Canada/Ukraine : une histoire sombre sciemment dissimulée (par Robin Philpot) par André LACROIX

Canada/Ukraine : une histoire sombre sciemment dissimulée (par Robin Philpot) par André LACROIX

On se souvient de l’ovation que le Parlement canadien avait réservée en septembre 2023 à Yaroslav Hunka présenté comme un « héros ukrainien » – en réalité un vétéran ukrainien nazi ayant combattu dans la Schutzstaffel. Ce n’était, hélas, pas un cas isolé, comme en témoigne cet article publié le 20/11/2024 dans « L’Aut’journal » sous la plume du journaliste et essayiste québécois Robin Philpot. C’est avec son aimable autorisation que nous reproduisons ici cet article.

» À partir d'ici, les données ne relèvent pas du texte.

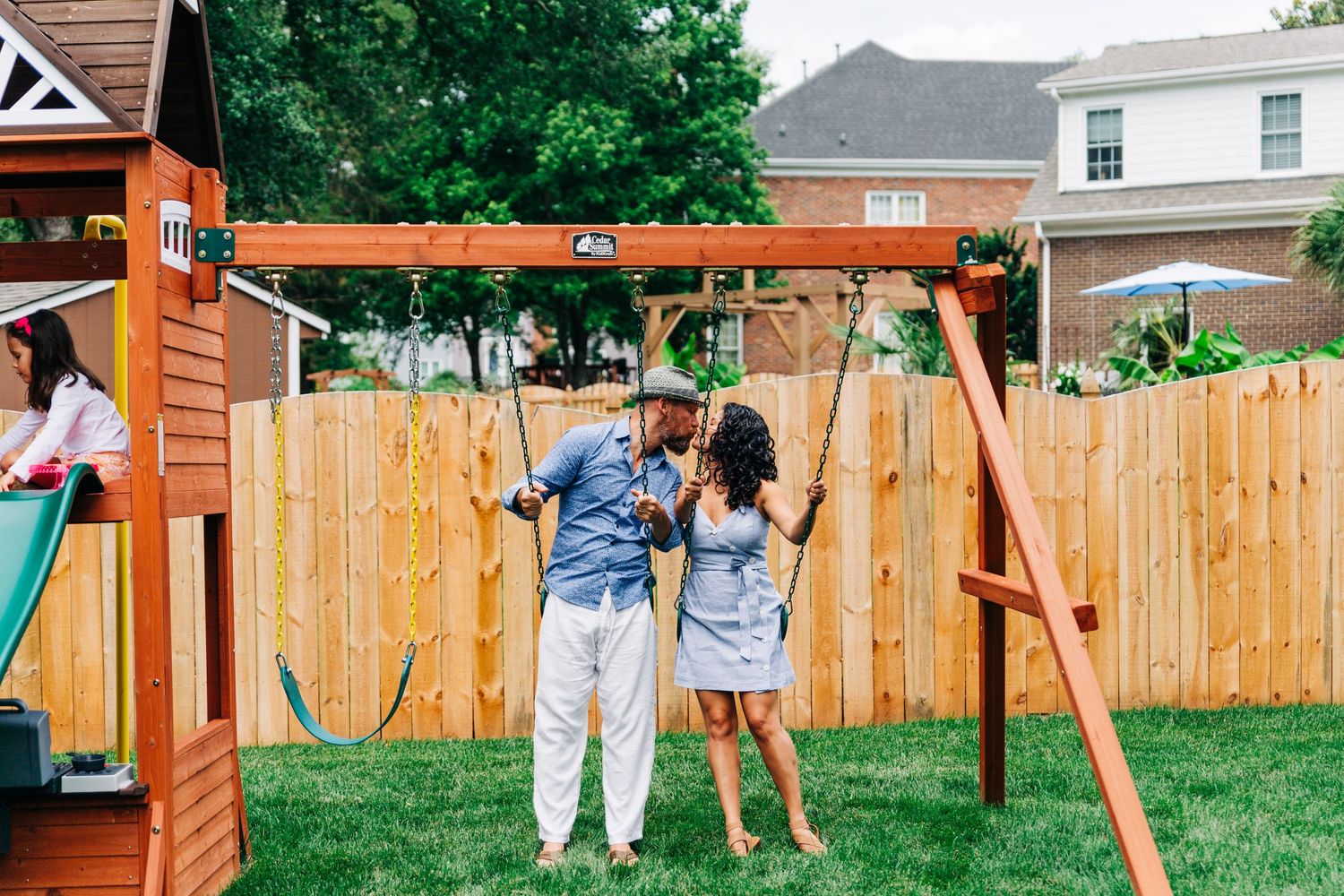 Parents kissing on swing set during Charlotte family photos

URL : Canada/Ukraine : une histoire sombre sciemment dissimulée | L’aut’journal

Quelques jours avant le jour du Souvenir, le 11 novembre 2024, le gouvernement du Canada a annoncé qu’il ne rendrait pas publique la partie d’un rapport produit par la Commission d’enquête sur les criminels de guerre au Canada (Commission Deschênes) qui nomme 900 Canadiens accusés de crimes de guerre commis pour le compte des nazis. Le Canada les a admis après la Seconde Guerre mondiale, y compris beaucoup d’ex-membres du Waffen SS Galicien (ukrainien).

On apprend qu’Affaires mondiales Canada s’est opposé à ce que Bibliothèque et Archives Canada (BAC) accède à une demande d’accès à l’information pour rendre publics ces noms. Selon le porte-parole de la BAC, la décision de garder la liste sous scellé « était fondée sur des préoccupations concernant un risque de préjudice aux relations internationales. » Le Globe and Mail, qui avec d’autres a déposé la demande d’accès à l’information, explique la décision : « Affaires mondiales a mis en garde à plusieurs reprises contre le recours à la désinformation par le président russe Vladimir Poutine pour justifier son invasion de l’Ukraine. »

Jour du Souvenir ? Ou jour de l’Oubli ?

Doit-on rappeler à Affaires mondiales Canada que, pendant la Seconde Guerre mondiale, ces 900 personnes se battaient pour les nazis, donc contre nos parents et grands-parents ! Que 1,2 million de Canadiens s’y sont battus, dont 45 000 ne sont jamais revenus !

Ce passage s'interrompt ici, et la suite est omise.